The Scottish Government is being urged to give police dogs the “protection they deserve” by including plans to make attacking such animals a specific offence.

Tories want Nicola Sturgeon to include a so-called Finn’s Law in her parliamentary programme for the coming year.

The First Minister is due to unveil plans for 12 bills when MSPs return to Holyrood after the summer break on Tuesday.

Currently, it is not a specific crime to kill or injure a police dog in Scotland, but with the UK Government having signalled its support for such a change, SNP ministers are being encouraged to follow suit.

Pc Dave Wardell, from Hertfordshire, began campaigning for the reform after his police dog Finn was injured with a knife as they attempted to make an arrest in 2016.

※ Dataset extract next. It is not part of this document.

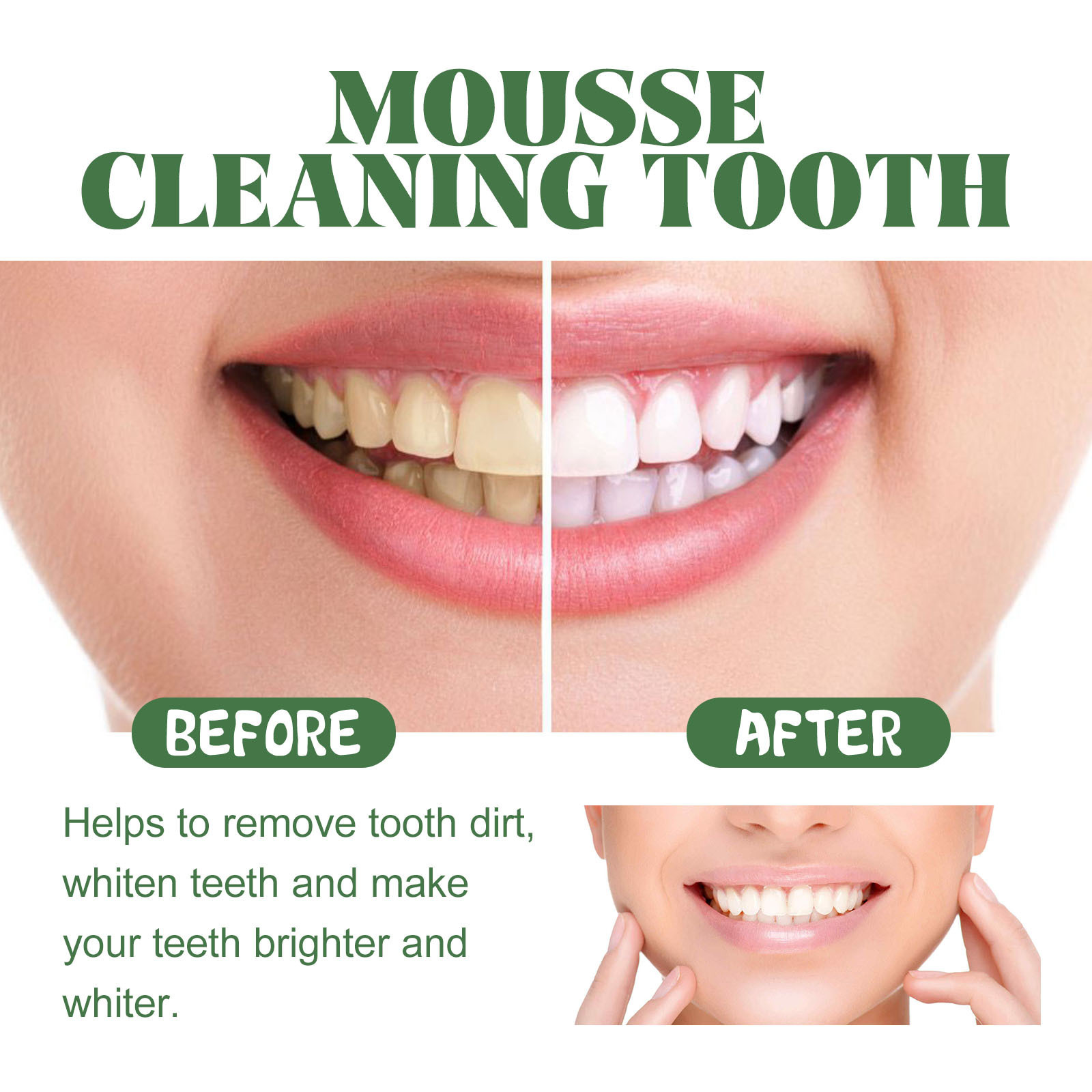 Portable Travel Size Whitening - огляд і ціна Teeth Whitening Foam Toothpaste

Police dog Finn, now retired, suffered life-threatening injuries (Jonathan Brady/PA)
A petition from Conservative justice spokesman Liam Kerr for Finn’s Law – which would make it a specific offence to attack a service animal – to be introduced in Scotland has attracted the support of almost 40,000 people.

As well as protecting police dogs and horses and animals working with the fire service, military and other public services, such a law could also be applied to assistance animals such as guide dogs.

Mr Kerr said: “In Scotland, hundreds of service animals in Police Scotland keep us safe by putting themselves in harm’s way.
“Service animals have already been waiting too long to get the legal protection they deserve and Scotland is now lagging behind the rest of the UK.

“At the start of this new parliamentary term it would be a great signal to the men and women who work alongside these selfless animals if the Scottish Parliament were to give them greater legal protection.

“The SNP has a chance to do just that. It must include Finn’s Law in the Programme for Government due to be published this week.”

A Scottish Government spokesman said: “Our Programme for Government will be published on Tuesday, and covers a number of important issues.

“The Scottish Government values the brave work undertaken by police dogs and other service animals, and is committed to ensuring the welfare of all animals, working or not.

“We are concerned that the maximum penalties available for animal cruelty cases may not go far enough. That is why we are preparing to increase the maximum penalty for the most serious cruelty offences to five years imprisonment.”